Cette résolution, bien que non contraignante juridiquement, est décrite comme "un acte politique et mémoriel majeur" par le député apparenté socialiste guadeloupéen Christian Baptiste, qui considère la position de la France comme un "recul". Il espère que cela servira à entamer un dialogue international sur les conséquences durables de l'esclavage.
Pour Marcellin Nadeau, député martiniquais (GDR), la France a ainsi "affaibli sa crédibilité" aux yeux des peuples d'outre-mer, dénonçant un refus systématique de reconnaissance totale envers les ultramarins.
Dans une lettre adressée à Emmanuel Macron, le sénateur guadeloupéen Victorin Lurel a qualifié cette abstention de "faute morale, historique, diplomatique et politique", ajoutant que cela ternit l'image de la France et complique la réconciliation avec ses anciennes colonies.
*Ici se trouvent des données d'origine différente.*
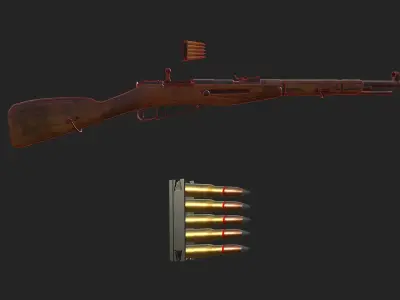 Mosin Nagant Low-poly 3D model get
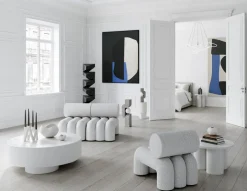 Fauteuil design en tissu bouclé blanc cassé Foku - 101 COPENHAGEN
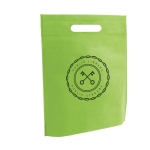 Non-woven bag with die-cut handle, 80 g/m2, Minimart light-green colour image with logo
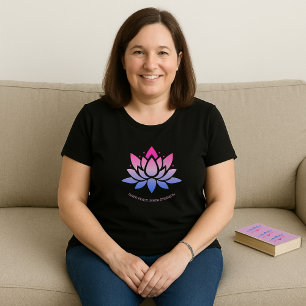 Lotus Blume Blauer rosa benutzerdefinierter Text Große Größe T-Shirt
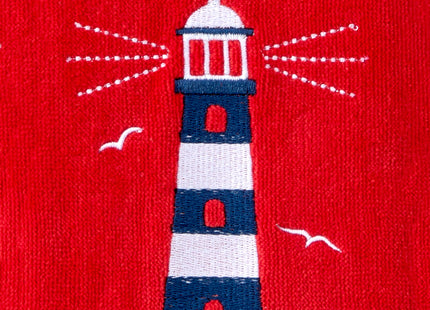 SKL Home Nautical Lighthouse Hand Towel Set-2pc, 100% Cotton, Red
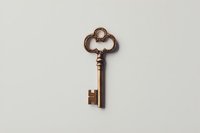 Vintage ornate bronze skeleton key with decorative bow design isolated on light gray background, perfect for antique and historical design projects.
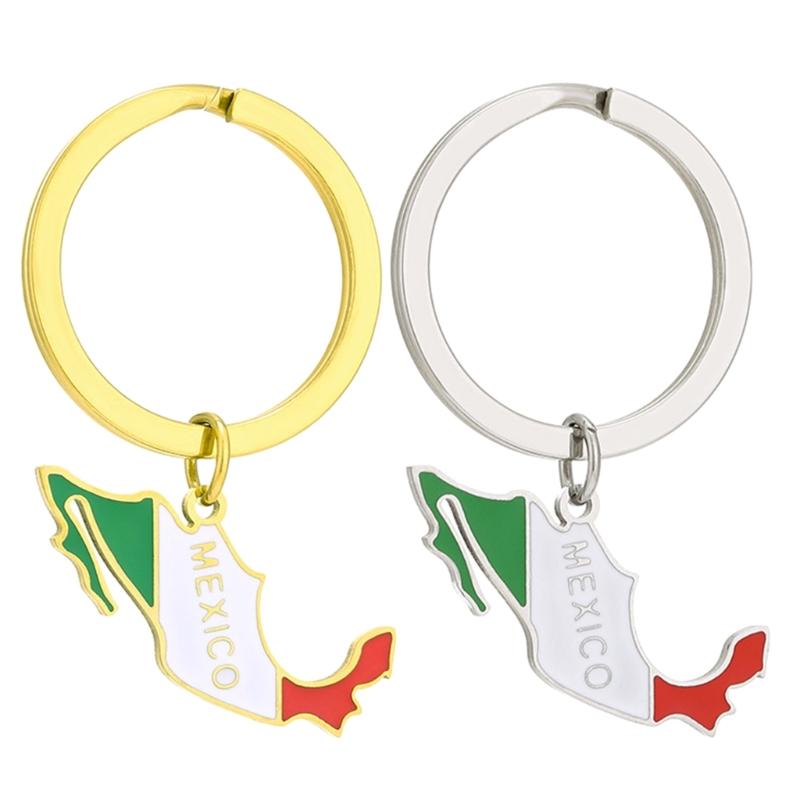 Mexico Map Flag Keychain Stainless steel Map Charm Keyring Remembrances Jewelry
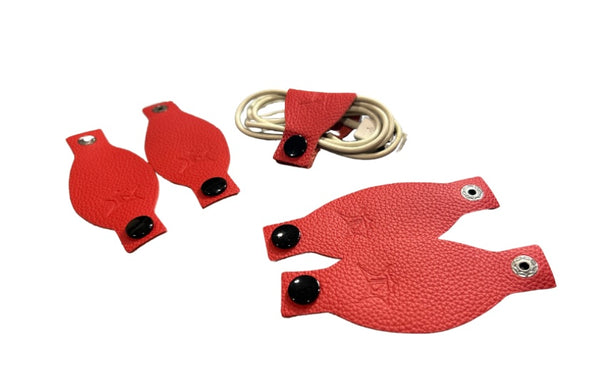 Set of 5 Red Leather Cord Holder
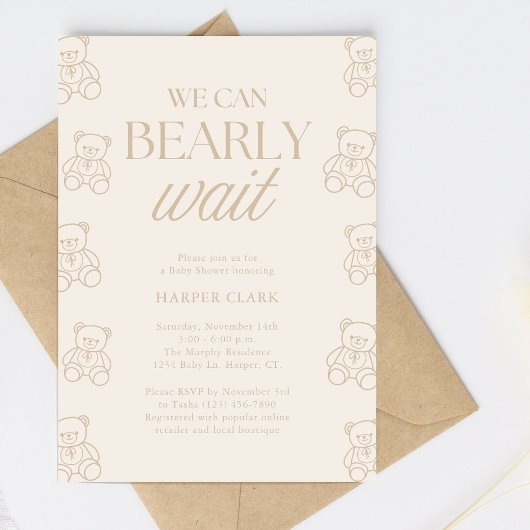 We Can Bearly Wait Geslachtsonderdruk Baby Shower Kaart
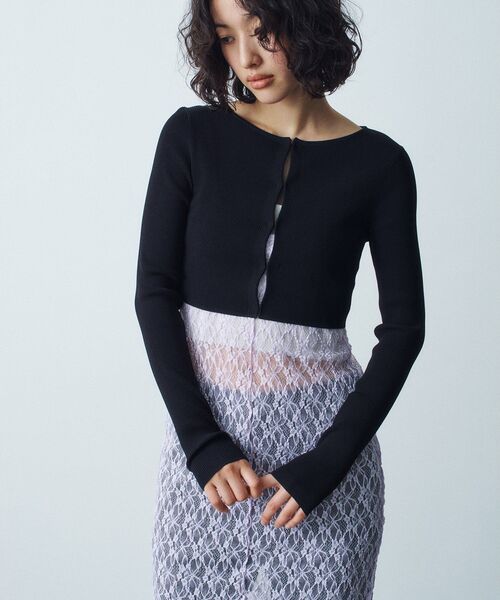 CODE A（コードエー）の「【Re】stretch hook cardigan（カーディガン/ボレロ・レディース・ブラック/ホワイト/ブラック系2・00）」の10枚目の写真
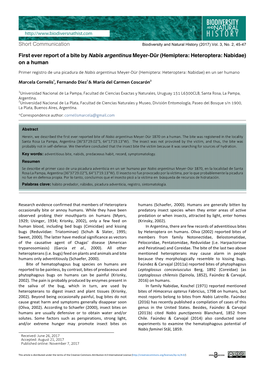 First Ever Report of a Bite by Nabis Argentinus Meyer-Dür (Hemiptera: Heteroptera: Nabidae) on a Human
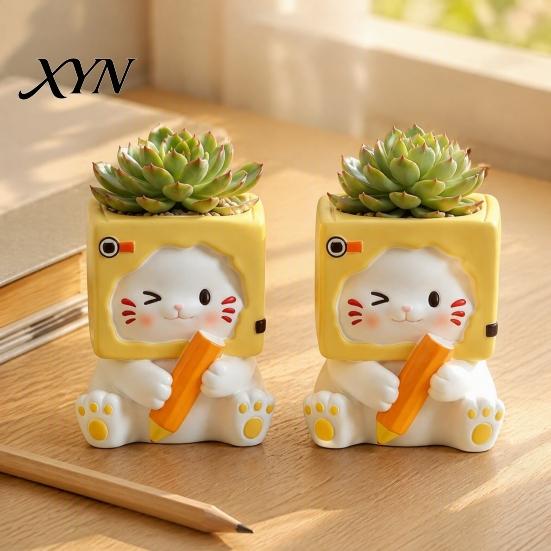 Mini Resin Flowerpot Holding Pen Cat Planter Pot, Shaped Flowerpot, Office Desk Succulents Plants Container for Home Balcony Animal Plant Pot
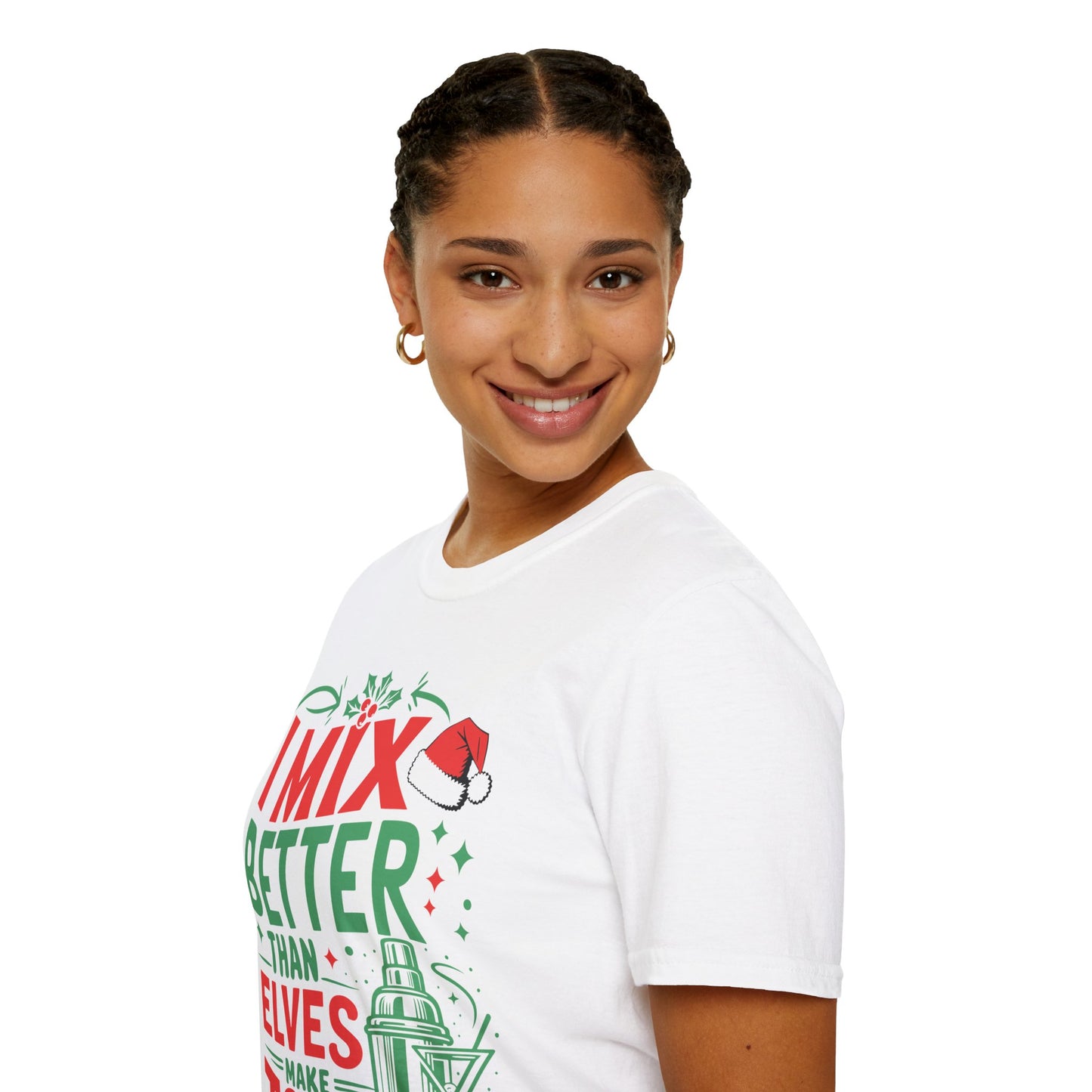 “I Mix Better Than Elves Make Toys” Unisex Softstyle T-Shirt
Le Mouvement de décolonisation et d'émancipation sociale de Guyane, dont fait partie le député Jean-Victor Castor, a également exprimé son mécontentement, affirmant que "l'esclavage ne constitue pas qu'un crime du passé", car ses conséquences survivent dans les inégalités contemporaines.
Ce mouvement appelle ainsi l’ONU à réintégrer la Guyane dans la liste des territoires non autonomes et à forcer la puissance administrante à accepter un plan de décolonisation, une exigence qui trouve écho dans les discours actuels sur la revalorisation des droits des peuples.
Adoptée mercredi avec le soutien de 123 pays, cette résolution, présentée par le Ghana et soutenue par l'Union africaine, a vu 52 pays s'abstenir, dont le Royaume-Uni et plusieurs États membres de l'Union européenne.
Elle désigne spécifiquement "la traite des Africains réduits en esclavage et l'esclavage racialisé des Africains" comme de "graves crimes contre l'humanité", condamnant cette "injustice inhumaine et persistante".
Les critiques de la résolution estiment cependant qu'elle risque de créer une hiérarchie entre les souffrances historiques. Sylvain Fournel, représentant français à l'ONU, a ainsi mis en garde contre une compétition entre tragédies historiques, plaidant plutôt pour un respect indéfectible de la mémoire des victimes.